So regulated is our nation's child-care industry that it is
not surprising that informal provision has exploded. Stepick
argues that the houses spilling over with children in Miami's
Little Haiti are daycare operations, charging $2 to $5 per day.
Most of their clients are poor and could not afford what he calls
"state-sanctioned" care. If the informals were shut down, there
would be nowhere to put the children.
Mom and Apple Pie
The growth of the informal economy in cities like New York
and Miami is partly linked to the growth of illegal immigration.
But informalism is widespread as well in neighborhoods without
many immigrants. The informal economy is as American as mom and
apple pie.
Professor Michele Hoyman of the University of Missouri, St.
Louis, has studied the informal economy extensively. As a
feminist political scientist, her main interest is in the areas
of sexual harassment and anti-discrimination laws.
Professor Hoyman's research shows that many occupations
nearly entirely dominated by women have very high rates of
informality. For example, 84 percent of child-care workers not in
private homes, and 50 percent in private homes, pay no social
security tax. Similarly, 25 percent of hairdressers and
cosmetologists and 50 percent of registered nurses do not pay. At
least one million American women operate businesses out of their
homes.
This evidence indicates that the informal sector is
particularly attractive to women, but probably not because of
systemic sexism in official markets, as Professor Hoyman would
argue. It is because, on the whole, women are more likely to find
employment in the "non-valorized" occupations that thrive in the
informal sector, occupations that do not require extensive
capital investment, large start-up costs, and intensive training
or experience.
In reality, official firms always will be less likely to
hire women than men, or pay them as well, because of the costs
indirectly imposed on employers by childbirth and childrearing.
The informal sector simply accommodates the scheduling demands of
women better than licensed, salaried, official employment does.
In addition, official business is increasingly saddled with the
requirements of mandated benefits like family leave, the costs of
hiring women will continue to grow, which in turn pushes them out
of formal and into informal work.
Everyone a Lawbreaker
The informal economy is as capitalistic as the formal
economy, for it involves entrepreneurship, trade, saving,
working, wages, and capital, as in the formal economy. Moreover,
the existence of the informal sector should be seen as a failing
of government, not the market. Regulation drives people outside
the official economy.
Today, nearly every industry and service, every profession,
and every dollar earned are subject to some dictate from
Washington. The labor code mandates that only people of a certain
age can work ("child" labor laws) and that people of low marginal
product cannot ("minimum wage"). Laws mandate that businesses
provide a myriad of benefits to employees that are often
prohibitively expensive. State and local governments have their
own regulations, from zoning ordinances to rental restrictions.

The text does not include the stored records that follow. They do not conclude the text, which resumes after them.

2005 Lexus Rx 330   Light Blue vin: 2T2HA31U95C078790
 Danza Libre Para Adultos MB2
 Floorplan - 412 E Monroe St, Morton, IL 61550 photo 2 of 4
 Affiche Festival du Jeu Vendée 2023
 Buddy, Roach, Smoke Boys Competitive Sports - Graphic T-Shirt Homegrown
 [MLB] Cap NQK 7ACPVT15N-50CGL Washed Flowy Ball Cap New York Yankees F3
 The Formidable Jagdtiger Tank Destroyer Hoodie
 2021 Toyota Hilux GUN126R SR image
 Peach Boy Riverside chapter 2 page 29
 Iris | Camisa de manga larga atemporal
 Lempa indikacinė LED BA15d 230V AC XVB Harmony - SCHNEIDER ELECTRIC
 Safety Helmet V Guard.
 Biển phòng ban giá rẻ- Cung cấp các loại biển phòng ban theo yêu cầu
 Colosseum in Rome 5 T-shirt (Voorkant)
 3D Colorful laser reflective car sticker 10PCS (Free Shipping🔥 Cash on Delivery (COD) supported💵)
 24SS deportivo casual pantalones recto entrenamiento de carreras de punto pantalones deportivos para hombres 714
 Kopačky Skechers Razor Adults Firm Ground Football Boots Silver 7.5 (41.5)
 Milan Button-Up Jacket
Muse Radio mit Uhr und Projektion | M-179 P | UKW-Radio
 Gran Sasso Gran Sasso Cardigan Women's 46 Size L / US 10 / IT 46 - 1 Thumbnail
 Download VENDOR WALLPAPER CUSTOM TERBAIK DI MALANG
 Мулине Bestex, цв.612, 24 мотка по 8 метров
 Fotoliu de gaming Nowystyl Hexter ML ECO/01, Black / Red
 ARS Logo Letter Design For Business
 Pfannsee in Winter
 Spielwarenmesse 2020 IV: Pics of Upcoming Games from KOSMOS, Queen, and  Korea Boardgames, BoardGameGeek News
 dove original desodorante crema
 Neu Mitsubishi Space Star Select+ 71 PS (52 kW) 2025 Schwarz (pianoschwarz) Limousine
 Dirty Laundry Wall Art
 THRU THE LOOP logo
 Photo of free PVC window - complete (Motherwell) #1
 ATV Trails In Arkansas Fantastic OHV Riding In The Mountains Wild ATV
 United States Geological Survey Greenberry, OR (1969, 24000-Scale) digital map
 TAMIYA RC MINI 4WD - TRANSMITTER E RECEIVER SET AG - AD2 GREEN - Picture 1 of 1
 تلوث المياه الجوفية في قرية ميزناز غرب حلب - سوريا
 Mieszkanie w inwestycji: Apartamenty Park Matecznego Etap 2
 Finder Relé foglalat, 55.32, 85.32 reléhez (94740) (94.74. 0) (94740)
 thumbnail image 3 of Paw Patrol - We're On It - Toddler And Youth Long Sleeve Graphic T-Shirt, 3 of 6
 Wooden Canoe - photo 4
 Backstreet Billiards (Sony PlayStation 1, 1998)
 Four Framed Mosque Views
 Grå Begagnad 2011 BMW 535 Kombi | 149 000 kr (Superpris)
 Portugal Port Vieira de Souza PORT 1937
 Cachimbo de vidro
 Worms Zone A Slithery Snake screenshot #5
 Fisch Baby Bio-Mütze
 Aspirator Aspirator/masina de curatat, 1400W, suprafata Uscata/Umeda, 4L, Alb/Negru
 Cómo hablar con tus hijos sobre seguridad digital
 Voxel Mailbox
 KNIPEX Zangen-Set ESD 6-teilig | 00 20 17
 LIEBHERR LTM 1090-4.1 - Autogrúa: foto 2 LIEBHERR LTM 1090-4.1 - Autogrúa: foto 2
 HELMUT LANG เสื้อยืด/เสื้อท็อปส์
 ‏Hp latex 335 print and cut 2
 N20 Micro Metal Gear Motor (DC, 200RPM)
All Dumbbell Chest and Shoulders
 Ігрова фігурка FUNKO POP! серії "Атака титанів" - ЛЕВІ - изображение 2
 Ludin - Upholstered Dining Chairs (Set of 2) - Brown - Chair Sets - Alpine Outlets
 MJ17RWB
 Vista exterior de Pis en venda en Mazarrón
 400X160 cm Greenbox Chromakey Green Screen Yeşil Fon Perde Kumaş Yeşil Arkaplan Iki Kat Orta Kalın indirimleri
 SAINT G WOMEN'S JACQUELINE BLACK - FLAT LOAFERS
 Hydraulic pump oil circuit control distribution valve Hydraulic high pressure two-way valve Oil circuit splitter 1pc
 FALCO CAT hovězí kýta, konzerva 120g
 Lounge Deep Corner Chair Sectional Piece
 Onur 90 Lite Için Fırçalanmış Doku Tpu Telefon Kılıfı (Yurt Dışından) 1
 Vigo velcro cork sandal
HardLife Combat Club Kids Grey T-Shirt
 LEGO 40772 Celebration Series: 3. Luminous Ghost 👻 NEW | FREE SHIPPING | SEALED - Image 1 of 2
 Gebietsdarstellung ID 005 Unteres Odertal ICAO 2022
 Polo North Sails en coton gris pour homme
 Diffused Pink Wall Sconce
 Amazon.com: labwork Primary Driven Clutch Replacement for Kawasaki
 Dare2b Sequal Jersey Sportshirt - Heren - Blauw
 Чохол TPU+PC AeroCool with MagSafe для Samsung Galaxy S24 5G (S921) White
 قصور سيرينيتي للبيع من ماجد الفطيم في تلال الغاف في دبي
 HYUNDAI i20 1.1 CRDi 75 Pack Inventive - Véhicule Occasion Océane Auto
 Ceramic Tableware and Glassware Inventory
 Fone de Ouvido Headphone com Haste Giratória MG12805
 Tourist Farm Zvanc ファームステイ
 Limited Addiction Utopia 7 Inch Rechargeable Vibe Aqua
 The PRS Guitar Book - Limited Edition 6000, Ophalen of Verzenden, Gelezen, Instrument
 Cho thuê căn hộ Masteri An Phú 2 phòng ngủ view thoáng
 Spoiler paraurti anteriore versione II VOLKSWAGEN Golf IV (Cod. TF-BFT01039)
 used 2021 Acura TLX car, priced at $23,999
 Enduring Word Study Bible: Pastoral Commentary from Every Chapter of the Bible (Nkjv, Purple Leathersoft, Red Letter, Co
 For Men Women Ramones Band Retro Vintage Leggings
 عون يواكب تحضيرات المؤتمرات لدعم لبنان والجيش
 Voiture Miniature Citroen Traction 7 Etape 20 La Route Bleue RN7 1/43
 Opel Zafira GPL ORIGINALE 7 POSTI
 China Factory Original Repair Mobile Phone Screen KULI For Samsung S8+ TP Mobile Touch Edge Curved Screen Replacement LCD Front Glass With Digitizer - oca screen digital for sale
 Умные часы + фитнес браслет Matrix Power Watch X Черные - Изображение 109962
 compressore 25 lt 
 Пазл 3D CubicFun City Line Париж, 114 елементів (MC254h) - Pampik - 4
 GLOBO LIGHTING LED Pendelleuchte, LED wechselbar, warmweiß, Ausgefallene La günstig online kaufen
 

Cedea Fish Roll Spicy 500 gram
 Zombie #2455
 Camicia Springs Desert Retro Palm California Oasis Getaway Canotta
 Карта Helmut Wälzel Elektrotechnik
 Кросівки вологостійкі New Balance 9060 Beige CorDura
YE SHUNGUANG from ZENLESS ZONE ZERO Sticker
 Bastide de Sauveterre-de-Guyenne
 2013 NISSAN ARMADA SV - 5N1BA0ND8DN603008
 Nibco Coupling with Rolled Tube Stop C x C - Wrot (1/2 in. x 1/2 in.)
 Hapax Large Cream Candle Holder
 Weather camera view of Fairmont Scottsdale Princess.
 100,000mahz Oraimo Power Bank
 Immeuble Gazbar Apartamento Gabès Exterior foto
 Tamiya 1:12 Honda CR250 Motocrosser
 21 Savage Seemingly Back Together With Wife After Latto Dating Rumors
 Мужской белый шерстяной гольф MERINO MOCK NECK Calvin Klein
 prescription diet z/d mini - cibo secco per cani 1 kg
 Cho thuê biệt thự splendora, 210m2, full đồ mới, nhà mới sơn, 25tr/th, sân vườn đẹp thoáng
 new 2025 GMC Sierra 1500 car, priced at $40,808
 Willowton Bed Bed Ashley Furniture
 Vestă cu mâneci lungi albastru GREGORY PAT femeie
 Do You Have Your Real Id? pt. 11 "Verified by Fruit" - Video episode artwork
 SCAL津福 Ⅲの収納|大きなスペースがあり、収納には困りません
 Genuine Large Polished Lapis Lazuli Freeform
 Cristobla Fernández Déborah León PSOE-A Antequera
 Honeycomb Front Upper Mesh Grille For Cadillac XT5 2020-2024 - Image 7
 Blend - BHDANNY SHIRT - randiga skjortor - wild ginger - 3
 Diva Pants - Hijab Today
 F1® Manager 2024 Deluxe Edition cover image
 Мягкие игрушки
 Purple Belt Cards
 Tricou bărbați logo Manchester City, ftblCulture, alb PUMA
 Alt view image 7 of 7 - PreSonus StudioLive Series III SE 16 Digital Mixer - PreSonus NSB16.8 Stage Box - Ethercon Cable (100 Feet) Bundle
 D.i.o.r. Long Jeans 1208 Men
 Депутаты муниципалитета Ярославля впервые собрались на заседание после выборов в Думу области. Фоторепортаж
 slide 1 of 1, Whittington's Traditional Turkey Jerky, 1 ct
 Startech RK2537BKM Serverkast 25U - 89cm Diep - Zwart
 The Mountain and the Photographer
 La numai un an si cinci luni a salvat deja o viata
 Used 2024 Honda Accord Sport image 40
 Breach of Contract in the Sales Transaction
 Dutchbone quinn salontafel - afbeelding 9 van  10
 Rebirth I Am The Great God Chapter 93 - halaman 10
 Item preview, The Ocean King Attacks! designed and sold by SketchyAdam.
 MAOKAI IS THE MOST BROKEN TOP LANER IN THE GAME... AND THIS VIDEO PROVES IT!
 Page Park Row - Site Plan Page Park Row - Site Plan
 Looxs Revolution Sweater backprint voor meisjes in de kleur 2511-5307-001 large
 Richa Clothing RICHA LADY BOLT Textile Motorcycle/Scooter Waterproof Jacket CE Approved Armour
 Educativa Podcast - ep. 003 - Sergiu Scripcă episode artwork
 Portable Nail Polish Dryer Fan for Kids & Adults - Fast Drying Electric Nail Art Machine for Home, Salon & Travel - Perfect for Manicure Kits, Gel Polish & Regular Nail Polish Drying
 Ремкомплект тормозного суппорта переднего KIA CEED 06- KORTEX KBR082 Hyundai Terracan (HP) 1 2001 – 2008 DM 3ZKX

These interventions create conditions that sometimes make going
informal more attractive than staying official.
If, for example, you buy a cheesecake your neighbor baked in
her kitchen, you are probably engaging in an illegal act,
depending on local and state laws. There are health and equipment
regulations, and specifications for the kitchen's size. The
effect is to create a monopoly for restaurants, but it is also to
criminalize what seems to be a perfectly natural economic
arrangement. If a family rents a room to a student, even though
the area is zoned to prohibit rental use, the family becomes
informal. When parents employ their underage children in the
family, they break the law and qualify as informal. The same is
true for the informal handyman who has no office or license. When
the photographer gives a free photo session to the family of an
auto body shop owner, and the quid pro quo is a repainted car,
they enter the informal sector. Babysitting services, cab
services, yard sales, and fruit stands are all part of the
informal market.
Encouraging Informality
Informal business activities have common features. Labor is
undeclared, and workers receive few if any of the "social
benefits" found in the formal sector: unemployment insurance,
health insurance, union organization, and minimum wage. Work
conditions do not meet official health and safety standards. The
firm's location usually falls outside normal zoning laws.
Management is not bound by official standards of accounting and
reporting. Many informal firms rely on cash, payment-in-kind, or
bartering as methods of payment. They cannot advertise openly.
Informal sectors are not found only in cities. A study by
James D. Smith, of the Survey Research Center of the University
of Michigan, found that in one year, four out of five consumers
purchased something from a producer in the informal sector.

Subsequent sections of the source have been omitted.